Only two things let the side down. The first is Lynda Baron's performance as Captain Wrack. While Keith Barron and Christopher Brown are both excellent as Striker and Marriner, Baron seems to be in a completely different production altogether. She goes way over the top, delivering a pantomime performance that feels out of place in a story like this and completely wrong for an Eternal.

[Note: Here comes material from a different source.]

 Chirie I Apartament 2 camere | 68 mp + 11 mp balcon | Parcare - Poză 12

The second is the final confrontation with the Black Guardians. It is a somewhat anticlimactic affair that jettisons the Eternals completely making the last three episodes rather pointless, and then dispatches the Black Guardian with relative ease. Throughout this trilogy the Black Guardian has repeatedly encouraged Turlough to kill the Doctor. He initial refused, then gave in, changed his mind, changed it back again, complained a lot, screamed just as much when all he really had to do was basically tell the Black Guardian to get stuffed. For a supposedly omnipotent being, he is pretty much useless.

Notes and Quotes

--To date this is the only Doctor Who TV story to have been both written and directed by women, Barbara Clegg and Fiona Cumming respectively.

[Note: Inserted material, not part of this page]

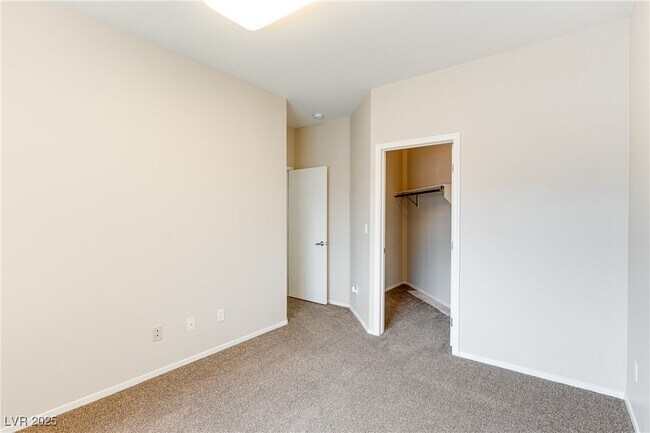 Building Photo - 6412 N Starling Mesa St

--Clegg based the Eternals on a wealthy group of her relatives who were visiting her and demanded constant entertainment, treating other family members as "lesser beings".

--Why does the White Guardian have a pigeon on his head? What is it with these Guardians and decorative poultry?

Tegan: "But what if the White Guardian tells me something important?"
The Doctor: "...Thank him politely. [The Doctor smiles] Won't be long."

Striker: "You are not an Ephemeral. You are a... a time dweller. You travel in time."
The Doctor: "You're reading my thoughts."
Striker: "You are a Time Lord, a lord of time. Are there lords in such a small domain?"
The Doctor: "And where do you function?"
Striker: "Eternity. The endless wastes of eternity."

White Guardian: "Be vigilant, Doctor. Once you denied him the Key to Time, now you have thwarted him again. He will be waiting for the third encounter, and his power does not diminish.... While I exist, he exists also... until we are no longer needed."

Four out of four ephemeral beings.
Mark Greig is burning an eternal flame. More Mark Greig


  1. I think this was one of the best of the 5th Doctor's stories. Tegan being obsessed by Mariner and Turlough grovelling at Wrack's feet were sublime and ridiculous. I loved the idea of the Eternals too. Beings who though omnipotent were utterly hollow.

  2. Agree fully Mark, this is a great story and one of my favorites from Davison's tenure. It's extremely interesting in how the Eternals need us 'lesser beings' or they'd be hollow shells and lack any form of stimulation. It's another that child me just did not get, but adult me loves.

    Decorative poultry hasn't really caught on outside of the guardians. Is this a good or bad thing?

    I do wish Barbara Clegg would have written more stories as this is a really good one, and we have to deal with Pip and Jane Baker's awful dross later on. Very worthwhile watch here!